## TASK REQUIREMENTS:
Taking only the lines of the data below from the line with "十分钟掌握Seaborn，进阶Python数据可视化分析" to the line with "Kualitas Tinggi Grosir", ends included, write them out exactly and without pictures.

## THE RECORDS:
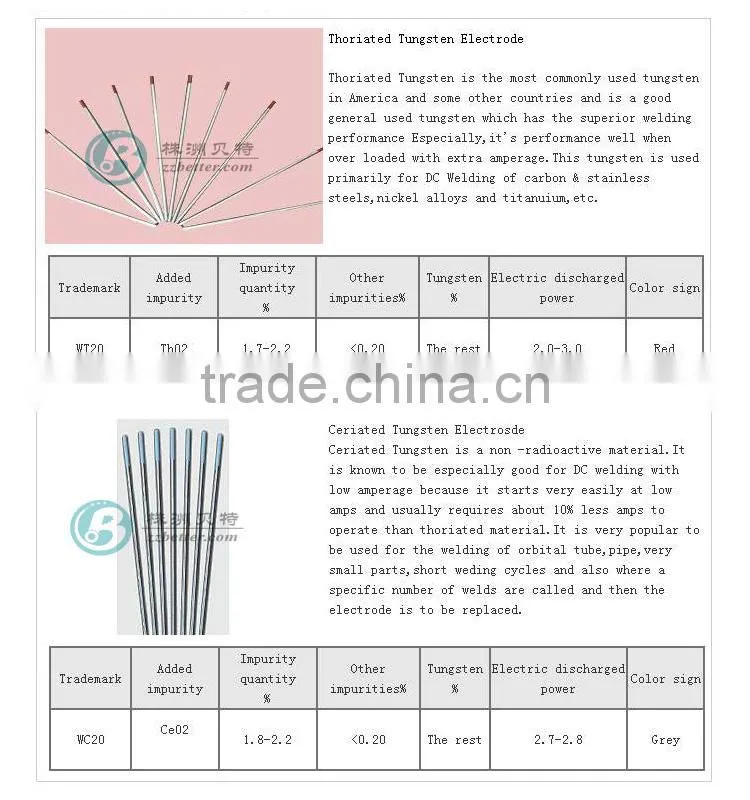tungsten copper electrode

---

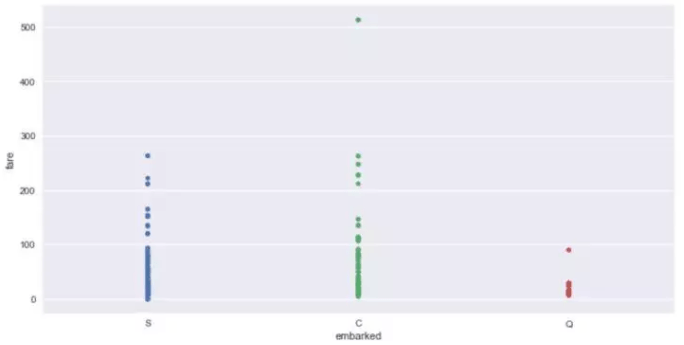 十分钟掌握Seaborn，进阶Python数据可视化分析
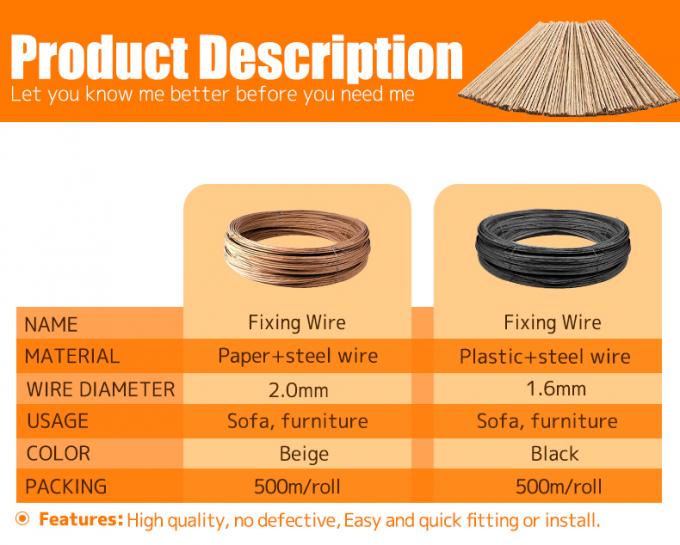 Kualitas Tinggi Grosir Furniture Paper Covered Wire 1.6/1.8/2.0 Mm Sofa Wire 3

## TASK OUTPUT:
 十分钟掌握Seaborn，进阶Python数据可视化分析
 Kualitas Tinggi Grosir Furniture Paper Covered Wire 1.6/1.8/2.0 Mm Sofa Wire 3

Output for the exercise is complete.